It's not a step-by-step (so far). It's a description of principals. Fact is, if super precise discussions are to be had (which personally, I like), there needs to be a corresponding precision in words and definitions.

Kinda like in calculating multiple numbers. You have to defer to the number with the fewest decimal points.


----------



## Gillian Schuler (Apr 12, 2008)

Steven Lepic said:


> Michelle,
> 
> 
> It's not a step-by-step (so far). It's a description of principals. Fact is, if super precise discussions are to be had (which personally, I like), there needs to be a corresponding precision in words and definitions.
> ...


Very true -it's not easy to discuss individual problems to a point where a solution is attained but general discussions on the dog's behaviour, i.e. super precise discussions, as Steven said, are possible.


----------



## Kayce Cover (Oct 30, 2007)

Gillian Schuler said:


> Quote Kace
> 
> "Just about. Since it is actually important for the dog to eventually test the system to see the limits and until he does, under supervision, you are not done training. However, we are getting to the point where we can just show the dog the limits, and he can honor them if he chooses."
> 
> ...


Stop the IB, redirect, restart the IB as he self-corrects. We intensify the IB in various ways to optimize our effectiveness. The animal becomes so focussed on the stream of information, it rarely takes more. If the animal is working, there is usually little to correct. If they don't want to work or they won't correct, they get a time out (trainer ceases interaction).



> Quote Kayce
> 
> "For example, I can show an animal a perimeter in a matter of minutes, using intermediate bridges. I can cross the perimeter and negate myself, then correct my location and bridge myself. I then ask the dog to stay within the perimeter, and uses bridges to give feedback, etc. They can pick up on this very quickly."
> Unquote
> ...


Here is a simpler task, on the way to learning a perimeter. Easier to describe in writing.

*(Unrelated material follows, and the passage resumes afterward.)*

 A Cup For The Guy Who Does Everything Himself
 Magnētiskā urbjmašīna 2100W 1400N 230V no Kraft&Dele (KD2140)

Let's say I want a dog to get on/stay on a table. 

Instead of placing or pulling him onto the table, I target him on, naming the location "Table". 

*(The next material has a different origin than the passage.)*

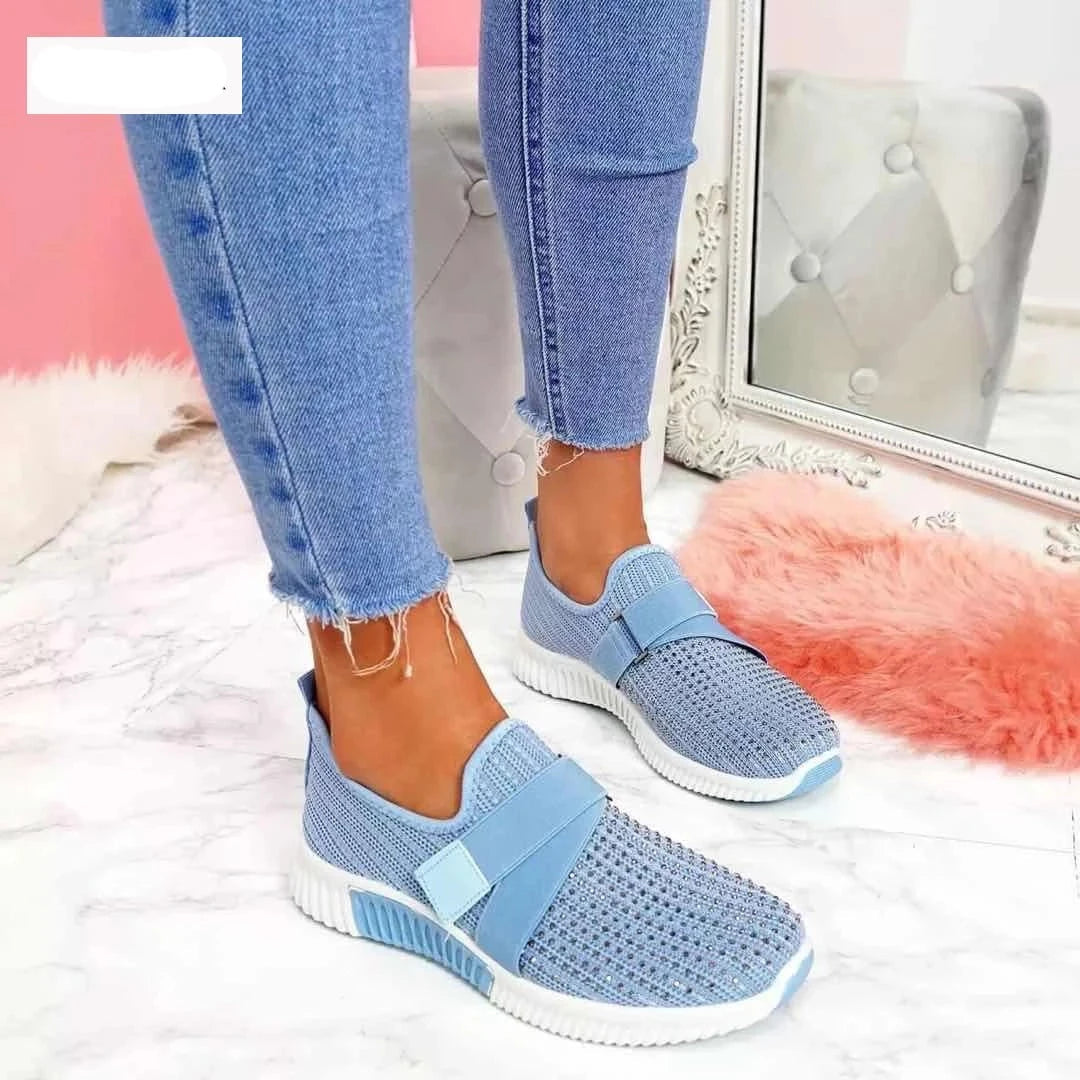 Hannah - Stilvolle orthopädische Schuhe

Then I add a concept "On. You are on the table." 

Now I target him off, onto the ground. I name the ground, as he touches down, "Ground". "You are on the Ground. Now, back on the Table: Table! xxxxxx(IB sound)X"(as he touches down on table, following my finger target.) " Table! You are on the Table!"

Next I want him to stay on the table, and I will get this by using the IB to help him to stay there. 

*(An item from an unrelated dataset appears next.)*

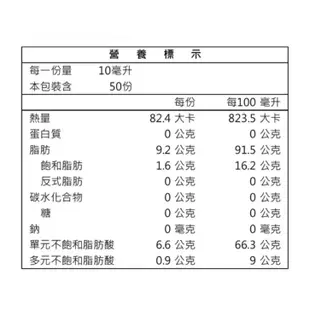 【統一生機】酪梨油 早安健康嚴選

"Table X! Good job!" (rest)

"Ready? Table 2: xxX! Outstanding!" (rest)

"Ready? Table 4: xxxxX! Good! " (rest)

"Ready? Table 8: xxxxxxxxX! Good dog! " (rest)

If he jumps off the table: "That is Ground. You are On the Ground. Can you get On the Table? xxxxxxxX - Good Table." (This is why I took the time to name Ground right at the beginning. I anticipate that he needs to know Table, Ground, On, and the difference between these and how they relate. Soon, I would teach "Off", and numbers, so we could talk about how long he would be there.

As you can see, the duration expands exponentially. Some will say, "Fine, but the dog doesn't have a choice. When I say table, I mean table and I mean now and I mean for however long I say, ...." But we have studied this and we get the same reliability as you get by using force. 

For example, we had to train pigs to allow us to stick a 5-inch needle into the vena cava next to the heart. This was done by using a catch pole and snaring the pigs. The pigs struggled violently and screamed and squealed. Very stressful for all. The researchers and caretakers came to me to see if we could do it another way. I was doubtful. It looked so bad it was hard to believe any animal would cooperate in that. 

It took us about one hour per pig, and the biggest problem was they all wanted to be first, so we had to teach them to wait till their name was called. (This change of attitude was accomplished through PM, by the way). It took only one person, the old way took 2-3. There was no noise, very little chance of injury, and no stress byproducts to contaminate the blood sample.


----------



## Sarah ten Bensel (Mar 16, 2008)

Steve White did clarify that he does NOT endorse punishment if all 8 rules cannot be followed. He stated that physical punishers can cause so many moe problems.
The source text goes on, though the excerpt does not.